The model built from restricted inputs alone is immediately less predictive than those using financial inputs. This is almost certainly due to the weak association between census data and the performance of an individual borrower, and because previous borrower performance in repaying debt really is the best predictor of future performance. We knew, going into this analysis, that census data was not sufficient to completely test unintended bias in a portfolio, but as a proxy, it serves to demonstrate the process.

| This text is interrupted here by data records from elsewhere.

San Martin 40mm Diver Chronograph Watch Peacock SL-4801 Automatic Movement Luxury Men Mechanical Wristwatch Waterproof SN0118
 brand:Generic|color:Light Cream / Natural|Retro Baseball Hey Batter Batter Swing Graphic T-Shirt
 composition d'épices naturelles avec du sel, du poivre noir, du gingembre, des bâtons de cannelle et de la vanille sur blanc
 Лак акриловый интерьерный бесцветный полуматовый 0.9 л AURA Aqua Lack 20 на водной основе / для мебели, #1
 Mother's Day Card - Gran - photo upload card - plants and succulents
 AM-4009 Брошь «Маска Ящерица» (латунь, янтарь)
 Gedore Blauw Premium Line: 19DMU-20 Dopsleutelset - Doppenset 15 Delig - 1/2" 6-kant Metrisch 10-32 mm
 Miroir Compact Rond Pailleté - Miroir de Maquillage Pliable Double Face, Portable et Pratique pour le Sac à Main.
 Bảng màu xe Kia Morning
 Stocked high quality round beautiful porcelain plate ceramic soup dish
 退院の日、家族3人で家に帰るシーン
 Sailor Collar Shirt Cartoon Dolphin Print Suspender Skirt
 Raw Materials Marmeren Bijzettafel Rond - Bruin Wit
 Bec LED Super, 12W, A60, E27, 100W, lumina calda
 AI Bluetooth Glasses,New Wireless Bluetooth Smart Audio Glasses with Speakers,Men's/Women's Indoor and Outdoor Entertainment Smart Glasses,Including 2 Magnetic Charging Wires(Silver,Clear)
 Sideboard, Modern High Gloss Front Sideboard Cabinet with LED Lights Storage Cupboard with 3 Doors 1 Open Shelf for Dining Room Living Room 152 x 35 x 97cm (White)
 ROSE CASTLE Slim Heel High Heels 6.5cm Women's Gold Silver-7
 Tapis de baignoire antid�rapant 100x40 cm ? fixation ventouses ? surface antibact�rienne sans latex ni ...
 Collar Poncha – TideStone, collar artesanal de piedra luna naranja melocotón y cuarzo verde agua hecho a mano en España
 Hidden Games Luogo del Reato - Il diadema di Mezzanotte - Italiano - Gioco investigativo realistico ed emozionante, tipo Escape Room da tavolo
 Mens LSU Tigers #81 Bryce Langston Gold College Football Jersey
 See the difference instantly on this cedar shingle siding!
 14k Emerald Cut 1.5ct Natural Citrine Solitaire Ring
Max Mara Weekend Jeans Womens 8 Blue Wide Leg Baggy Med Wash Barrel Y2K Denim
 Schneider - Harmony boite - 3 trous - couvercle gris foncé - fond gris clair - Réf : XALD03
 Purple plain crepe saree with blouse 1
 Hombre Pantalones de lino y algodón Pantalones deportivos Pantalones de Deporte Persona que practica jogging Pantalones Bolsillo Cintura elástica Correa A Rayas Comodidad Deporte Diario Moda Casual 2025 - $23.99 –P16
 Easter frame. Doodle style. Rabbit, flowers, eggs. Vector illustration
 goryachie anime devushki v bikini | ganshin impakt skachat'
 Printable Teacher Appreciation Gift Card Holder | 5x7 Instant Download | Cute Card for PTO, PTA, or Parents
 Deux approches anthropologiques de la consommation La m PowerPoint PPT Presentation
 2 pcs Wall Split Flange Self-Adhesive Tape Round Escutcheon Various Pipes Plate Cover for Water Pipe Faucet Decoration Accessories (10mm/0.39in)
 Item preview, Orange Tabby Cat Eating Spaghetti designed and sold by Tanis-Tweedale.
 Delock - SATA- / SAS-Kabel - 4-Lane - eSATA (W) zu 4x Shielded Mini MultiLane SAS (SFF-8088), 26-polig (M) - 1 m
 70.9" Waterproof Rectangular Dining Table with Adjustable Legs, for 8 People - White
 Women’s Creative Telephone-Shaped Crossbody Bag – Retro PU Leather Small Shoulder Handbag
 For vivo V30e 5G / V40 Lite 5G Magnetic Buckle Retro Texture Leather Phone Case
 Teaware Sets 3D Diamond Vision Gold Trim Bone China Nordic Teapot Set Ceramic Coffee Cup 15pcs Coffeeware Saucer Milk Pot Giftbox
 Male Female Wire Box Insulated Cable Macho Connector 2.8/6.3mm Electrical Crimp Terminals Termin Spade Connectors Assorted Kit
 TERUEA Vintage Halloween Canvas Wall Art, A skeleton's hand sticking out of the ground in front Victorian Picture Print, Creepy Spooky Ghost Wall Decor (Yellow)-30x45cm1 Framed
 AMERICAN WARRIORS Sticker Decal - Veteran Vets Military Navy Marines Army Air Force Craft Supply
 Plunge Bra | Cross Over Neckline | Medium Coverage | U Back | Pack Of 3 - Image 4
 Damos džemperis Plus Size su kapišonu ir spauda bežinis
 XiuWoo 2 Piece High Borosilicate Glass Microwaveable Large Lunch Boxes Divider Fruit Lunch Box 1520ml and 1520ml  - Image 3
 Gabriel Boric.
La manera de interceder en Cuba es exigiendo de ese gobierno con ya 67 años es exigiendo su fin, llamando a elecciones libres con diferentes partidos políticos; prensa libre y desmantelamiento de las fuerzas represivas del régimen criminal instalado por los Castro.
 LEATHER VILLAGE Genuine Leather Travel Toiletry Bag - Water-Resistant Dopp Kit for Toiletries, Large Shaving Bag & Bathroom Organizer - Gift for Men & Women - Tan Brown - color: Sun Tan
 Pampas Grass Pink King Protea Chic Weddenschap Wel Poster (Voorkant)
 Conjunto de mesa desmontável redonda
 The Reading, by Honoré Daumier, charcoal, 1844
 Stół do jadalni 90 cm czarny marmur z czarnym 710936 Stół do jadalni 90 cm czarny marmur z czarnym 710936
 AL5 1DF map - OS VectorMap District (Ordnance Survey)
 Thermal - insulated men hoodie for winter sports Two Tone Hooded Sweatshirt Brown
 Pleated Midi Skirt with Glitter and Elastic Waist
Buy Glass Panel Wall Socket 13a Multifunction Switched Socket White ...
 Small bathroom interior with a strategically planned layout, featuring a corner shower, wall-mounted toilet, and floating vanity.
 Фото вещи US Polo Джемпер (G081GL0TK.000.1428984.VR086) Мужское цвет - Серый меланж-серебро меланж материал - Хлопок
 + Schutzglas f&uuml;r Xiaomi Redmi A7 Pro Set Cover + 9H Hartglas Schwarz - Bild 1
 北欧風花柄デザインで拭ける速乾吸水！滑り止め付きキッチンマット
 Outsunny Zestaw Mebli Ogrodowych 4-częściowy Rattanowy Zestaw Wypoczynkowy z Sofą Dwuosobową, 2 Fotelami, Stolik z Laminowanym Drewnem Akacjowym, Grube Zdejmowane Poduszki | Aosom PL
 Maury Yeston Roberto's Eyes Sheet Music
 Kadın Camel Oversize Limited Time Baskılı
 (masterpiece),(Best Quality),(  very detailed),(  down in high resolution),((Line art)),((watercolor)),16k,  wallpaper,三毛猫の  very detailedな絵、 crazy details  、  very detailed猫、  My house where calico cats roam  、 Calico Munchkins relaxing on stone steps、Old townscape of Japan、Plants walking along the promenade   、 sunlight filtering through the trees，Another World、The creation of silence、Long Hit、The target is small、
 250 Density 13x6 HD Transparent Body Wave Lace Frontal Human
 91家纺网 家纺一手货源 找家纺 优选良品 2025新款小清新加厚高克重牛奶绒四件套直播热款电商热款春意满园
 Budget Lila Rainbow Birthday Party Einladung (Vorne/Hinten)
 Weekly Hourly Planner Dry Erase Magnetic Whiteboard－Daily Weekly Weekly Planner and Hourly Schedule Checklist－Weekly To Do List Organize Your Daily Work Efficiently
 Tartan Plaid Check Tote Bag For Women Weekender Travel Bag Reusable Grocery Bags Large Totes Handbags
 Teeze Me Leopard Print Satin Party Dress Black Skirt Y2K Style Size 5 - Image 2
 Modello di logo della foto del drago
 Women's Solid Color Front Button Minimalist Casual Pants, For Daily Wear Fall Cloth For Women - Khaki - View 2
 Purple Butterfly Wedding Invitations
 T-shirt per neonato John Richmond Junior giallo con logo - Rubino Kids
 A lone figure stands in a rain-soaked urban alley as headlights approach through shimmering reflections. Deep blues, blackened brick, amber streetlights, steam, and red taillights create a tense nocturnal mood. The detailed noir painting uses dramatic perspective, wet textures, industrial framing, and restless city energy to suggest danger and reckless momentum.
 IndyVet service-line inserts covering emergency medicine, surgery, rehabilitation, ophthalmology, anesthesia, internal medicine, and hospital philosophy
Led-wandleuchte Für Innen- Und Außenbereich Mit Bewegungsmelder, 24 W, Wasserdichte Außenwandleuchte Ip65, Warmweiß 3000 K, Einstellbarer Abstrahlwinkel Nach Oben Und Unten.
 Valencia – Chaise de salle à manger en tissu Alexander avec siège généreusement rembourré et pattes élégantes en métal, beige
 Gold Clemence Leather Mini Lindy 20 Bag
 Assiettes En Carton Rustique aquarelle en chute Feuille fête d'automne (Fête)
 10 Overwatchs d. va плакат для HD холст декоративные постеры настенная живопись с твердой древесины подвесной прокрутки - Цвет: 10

Note that the forecast results degrade only slightly when the Restricted model is set to zero for forecasting. With actual borrower demographics, this degradation would probably be significantly increased. Comparing the models with the Restricted inputs and with those set to zero provides a quantitative comparison of the cost to lenders and society of enforcing our ethical standards. Just like clean water and safe roads, society should pay these costs to create the world we would wish to live in. This analysis simply provides a way to quantify that investment.
The results show only slight degradation when moving to out-of-sample performance. This has been observed previously in the context of building a score with APC lifecycle and environment as fixed inputs and is theorized to be due to the normalization provided by those inputs.
We also note that APC Scoring and APC + SGB Trees have nearly identical results. This is easily explained by considering the available credit scoring inputs. By binning the input data, the logistic regression of APC scoring is able to match the nonlinearity of stochastic gradient-boosted trees. Furthermore, the inputs are so simple that no important interaction terms are present. With a more complex data set containing many more interaction terms, we would expect APC + SCB trees to exhibit an advantage.
Furthermore, due to the relative simplicity of the available data, we chose not to test additional training methods such as artificial neural networks, but previous work (
Breeden and Leonova 2019) has shown how neural networks can also be structured to utilize fixed inputs as needed to implement this approach to removing ethical bias.
7. Conclusions
This paper develops a modeling procedure that can create theoretically unbiased models so long as the training data are tagged with the protected class status against which one wants to prevent bias. The procedure is admittedly quite simple and yet highly effective. Most importantly, it avoids processes that have been shown to violate FCRA regulations, such as renormalizing the forecasts after model creation. We also find side benefits such as being able to quantify how much forecast accuracy is given up in the process of becoming provably unbiased. This was observed by comparing the forecast accuracy of the initial model with no fairness constraints to the model built with the restricted model as an input and then set to zero for testing. The difference in accuracy between two such models using any machine learning technique is a measure of the cost of creating an unbiased outcome. For the examples shown here, the difference between the initial model and the fully unbiased model was not statistically significant, but in other contexts and with other machine learning algorithms, it could be.
The application to a subprime credit card portfolio was effective because of the high default rate in the data and having a significant population of borrowers whom we wish to protect from discrimination. Combining borrower data with zipcode level census rates was not guaranteed to work, but the data actually showed plenty of useful structure.
The best test of this procedure will be to consider actual borrower demographic characteristics. If such data sets are not available in lending, perhaps applications outside lending would provide a safe and effective demonstration.